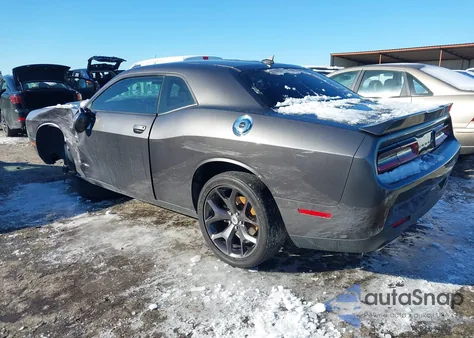 2018 Dodge Challenger Sxt Plus z USA, uszkodzony, nr VIN 2C3CDZAG8JH259354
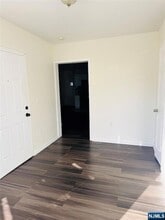 100 Butler St in Paterson, NJ - Foto de edificio - Building Photo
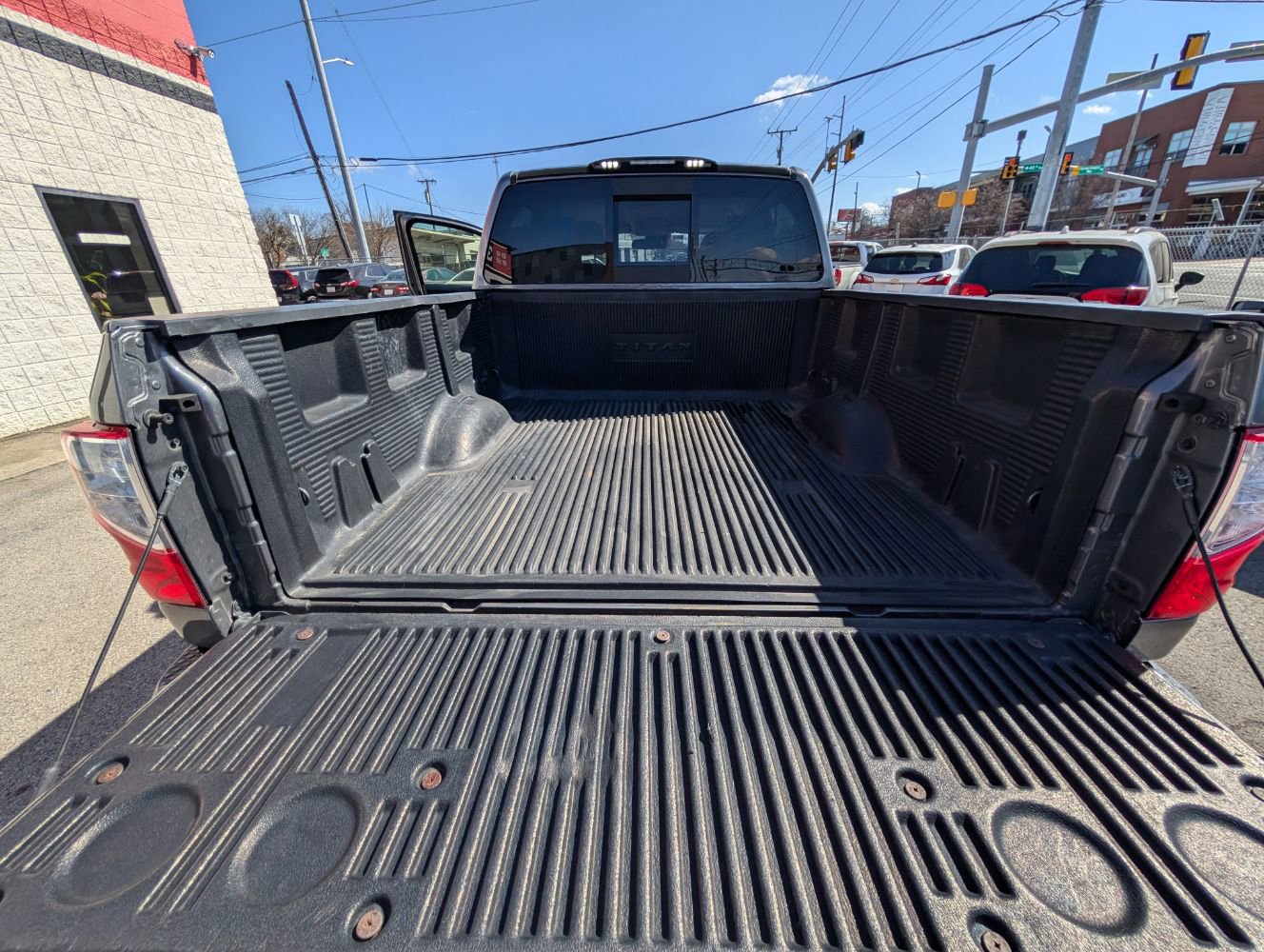 Used 2020 Nissan Titan SV w/ SV Convenience Package image 19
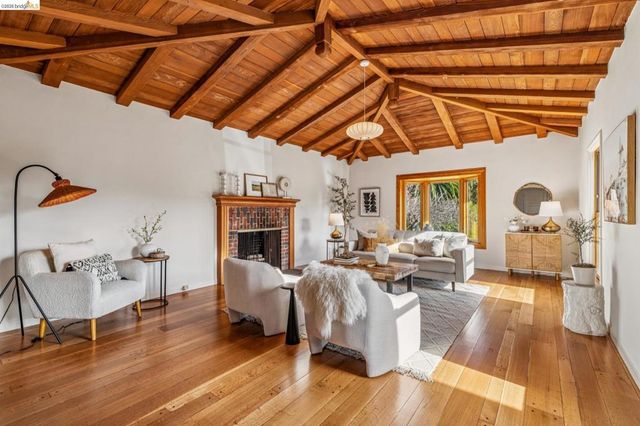 11 11 Parkside Dr, Piedmont, CA 94611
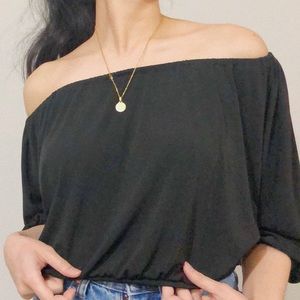 OFF THE SHOULDER TOP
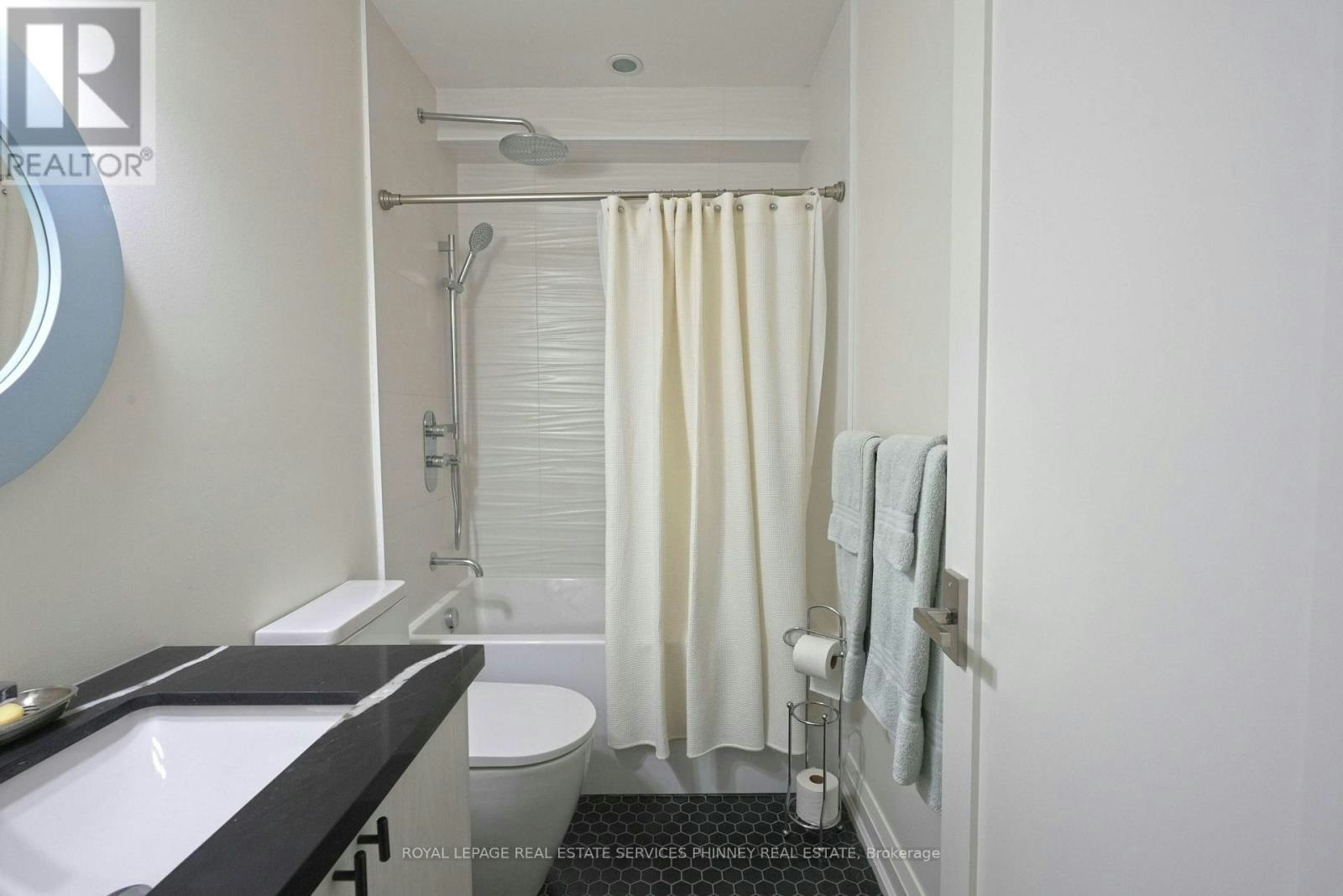 1413 Queen Victoria Avenue, Mississauga, ON, L5H 3H2 - 14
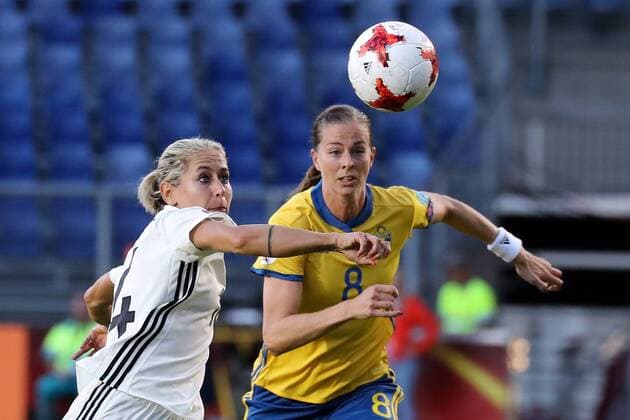 v.li.: Anna Blässe (Anna Blaesse, DFB-Frauen, 14), Lotta Schelin (Schweden, 8), Zweikampf, Duell, duel, tackle, tackling, Dynamik, Action, Aktion, Fussball, UEFA Women s EURO 2017, Deutschland - Schweden, xozx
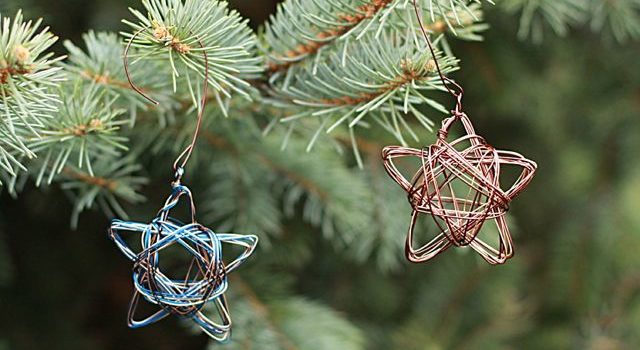 Ornamenti sull'albero di Natale fai da te: stella dal filo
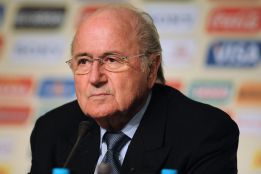 Blatter: "Me impactó mucho la noticia de la muerte del linier" Blatter: "Me impactó mucho la noticia de la muerte del linier"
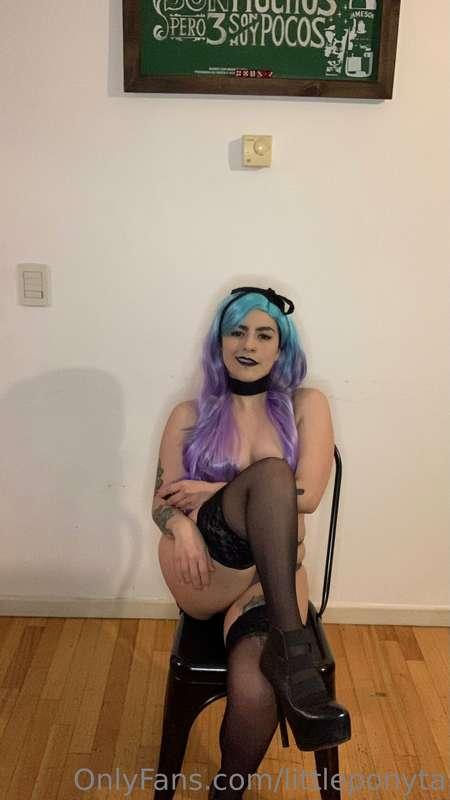Oh good! You’re here now! 🌈 I’m bored, wanna play? 🤭 Tell me..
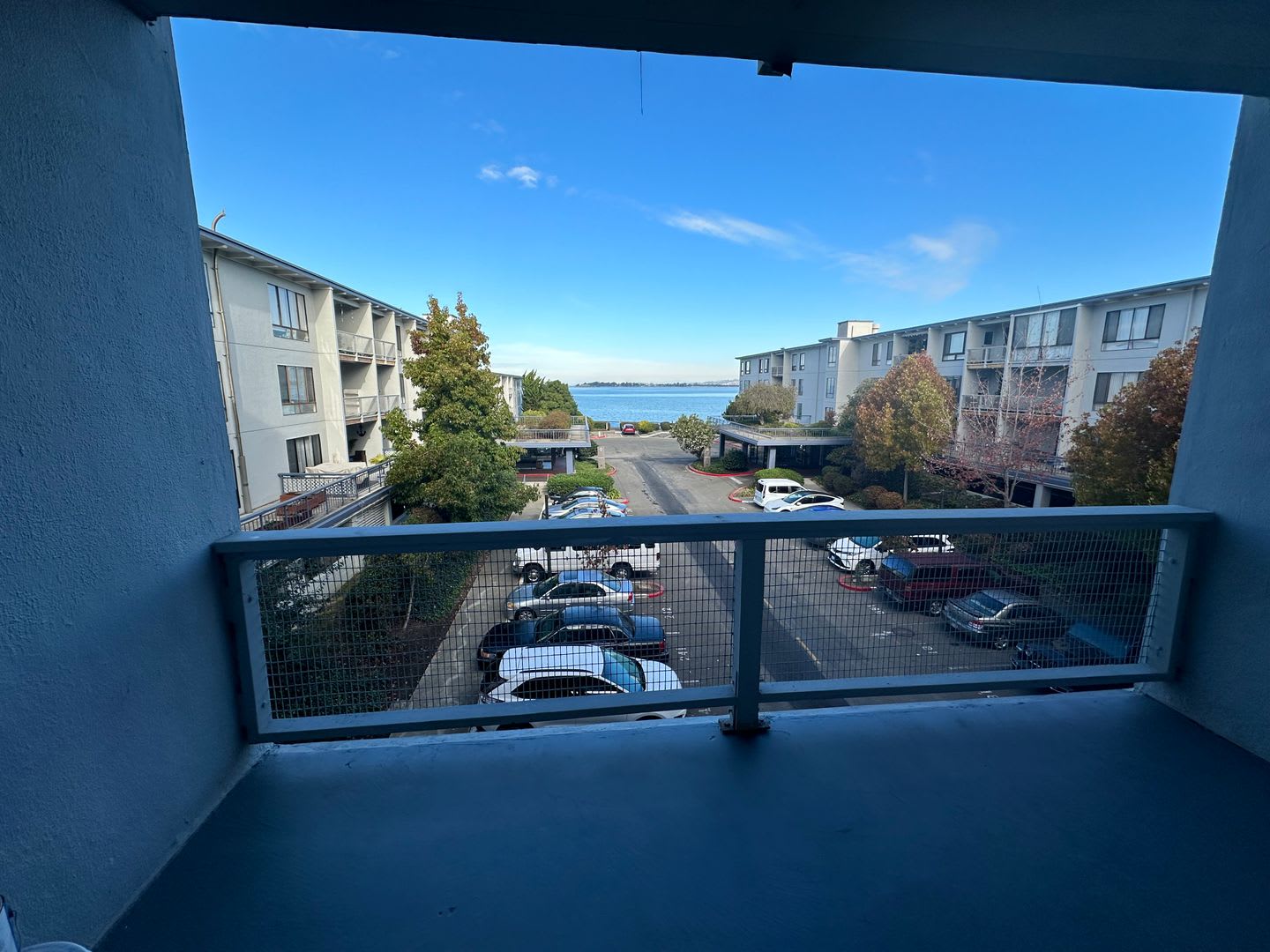 750 Off First Months Rent Two Bedroom Condo Available In Emeryville In Watergate Complex All Brand New – photo 4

┄┄┄┄┄┄┄┄┄┄

§ What to produce: Write out exactly the lines from the one containing "1413 Queen Victoria" through the end of the records above, both included, leaving all pictures out.

§ Answer space:
 1413 Queen Victoria Avenue, Mississauga, ON, L5H 3H2 - 14
 v.li.: Anna Blässe (Anna Blaesse, DFB-Frauen, 14), Lotta Schelin (Schweden, 8), Zweikampf, Duell, duel, tackle, tackling, Dynamik, Action, Aktion, Fussball, UEFA Women s EURO 2017, Deutschland - Schweden, xozx
 Ornamenti sull'albero di Natale fai da te: stella dal filo
 Blatter: "Me impactó mucho la noticia de la muerte del linier" Blatter: "Me impactó mucho la noticia de la muerte del linier"
Oh good! You’re here now! 🌈 I’m bored, wanna play? 🤭 Tell me..
 750 Off First Months Rent Two Bedroom Condo Available In Emeryville In Watergate Complex All Brand New – photo 4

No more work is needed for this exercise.